That’s nice! All the computers are Dell precision towers with varying hardware config :slight_smile: My university has a frame contract for hardware with Dell, that’s why.

Regarding your questions and answers (total noob warning): Bright and Qlustar seem to somehow underly the OS. I didnt really figure out how the software stack looks like. Is it Cluster Manager > OS > workload manager? I expected more of an answer like “just install slurm/sge/etc. and youre good to go”. Whats the relation of a workload manager and a cluster manager? Pointing me to the answer is enough of an answer :wink: And do the two really work along windows with dual boot config?

We use ubuntu as OS for two reasons: 1) most people (including me) are familiar with deb based distros and 2) it is installable. Debian isn’t (keyboard freeze during install), Manjaro/Arch isn’t (fails to recognize partitions after install), no matter what I do - but I haven’t tried RedHat/Fedora etc. However for cluster purposes there is PXE available. These computers are divas :smiley:

Regarding ethernet: Thanks for the hint! I would have to talk to the university IT administration to get the switches upgraded in case I dont go for the daisy chain. Currently there are just 1Gb/s intel cards, but you’re right: at least used cards are rather cheap nowadays.

Head node: The computer I have in mind as head node is a Dell precision 7920 tower with 12 core xeon and 96GB RAM, but no hardware raid as far as I know. I think one could cram in some more hard drives and go for software raid, but there are also 1TB SSDs available which may be used for prefetching during idle times or so. The storage server is just a synology with 32 disks or so; I don’t know its capabilities.
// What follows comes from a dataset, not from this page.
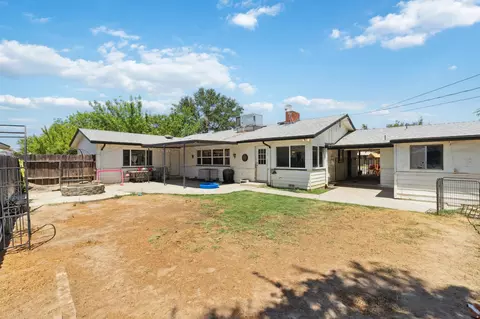 731 W D St, Lemoore, CA 93245 photo 31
Also, what is best: taking the fastest computer as head node or keeping it among the workers?

Thanks again!

Your requirements for interactive use during the day were normally met by installing a Condor pool.
In answer to your question - yes just install the Slurm queue system and you are good to go.
Remember though you need consistent UIDs across all the nodes and the head node, and Slurm uses something called munge. But all easily set up.

The requirement for a dual boot Windows/Linux system is a bit more tricky. I know this is possible with Bright but I have never done it.
What you CAN do with Bright and OpenHPC is a stateless installation - which means the compute node boots via PXE and runs off a RAMdisk or NGS mounted root drive.
This may be a good option for you

This article describes dual booting with Bright. The suggestion is a second hard drive. With a bit of work you could shrink the Windows partition I think and use the free part. Or stateless boot as I say.